Pour Me André Lombardi « il y a un revers de la médaille de cette tendance à améliorer toujours et encore le logement. Le diagnostic énergétique entré en vigueur au mois d’avril aura pour effet à moyen terme de faire sortir un certain nombre de logements du marché im­mobilier. Pourquoi ? Parce que parfois les travaux sont impossibles à faire, certaines fois le vendeur ne peut pas les faire ou ne le veut pas. On va vers un marché qui va encore se tendre davantage. Cette tendance vertueuse a des effets un peu pervers, le calendrier étant manifestement trop serré. Ce calendrier ne pourra pas être tenu. On ira vers des difficultés. » Ce calendrier est le suivant : 2025 pour la catégorie G, 2028 pour les F et 2034 pour les E. Me Éric Ricou n’hésite pas à poser la question : « Faut-il revoir cet agenda ? Il faut souhaiter que les pouvoirs publics soient sensibles à cette problématique. »

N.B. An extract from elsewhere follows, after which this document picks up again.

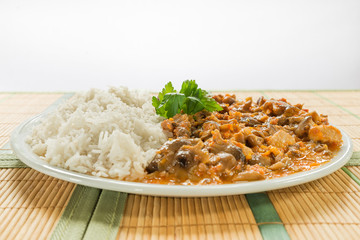 Pork meat. Stew of pork (loin) with honey mushrooms and rice basmati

Installation de la Chambre disciplinaire

En marge de la question immobilière, les notaires ont aussi évoqué l’installation toute récente de la nouvelle chambre disciplinaire qui siège à Nancy. Une installation faite mi-septembre. Cette chambre, et c’est une nouveauté d’importance, n’est plus présidée par un notaire mais par un juge. « On a voulu améliorer ce système de discipline. Le code de déontologie a été revu, adapté pour certaines règles datant de 1945. En accord avec la Chancellerie, ce code de déontologie, le règlement national a été revu, amélioré et adapté à la société d’aujourd’hui » explique Me André Lombardi. Me Éric Ricou rappelle que « cette audience solennelle d’installation s’est faite sous la direction d’un magistrat. Le but de cette chambre disciplinaire est de professionnaliser la discipline, d’avoir l’oeil des magistrats. Elle a des pouvoirs assez renforcés, des pouvoirs d’enquête. Le but de la loi est de renforcer le pouvoir disciplinaire, nous saluons cette initiative. Notre profession se doit d’être exemplaire. » Du reste ce sont les no­taires qui sont à l’origine de cette amélioration et de changement au niveau de la procédure. Auparavant la discipline se faisait au niveau départemental, désormais cela va passer à l’échelle régionale du Grand Est. La chambre régionale de discipline a en charge les 1080 notaires de Lorraine, d’Alsace, et de Champagne-Ardenne à l’exception de la Haute-Marne. Cela ne signifie pas que tous les cas des plaignants iront jusqu’au contentieux, les notaires privilégiant le plus souvent la médiation. Me Éric Ricou explique : « Les notaires d’Alsace-Moselle ont un centre de médiation. Là, on quitte le champ disciplinaire. Du fait de leur expertise, les notaires sont en mesure de répondre à cette attente de médiation. Les pouvoirs publics encouragent la résolution amiable pour désengorger les tribunaux. La conciliation, la médiation, ce sont des marques de fabrique au sein des notaires d’Alsace-Moselle. » Il en sera beaucoup question lors des célébrations, l’an prochain du centenaire du droit local. Cette chambre disciplinaire assurera d’une certaine façon la mission d’un Conseil de l’ordre des notaires.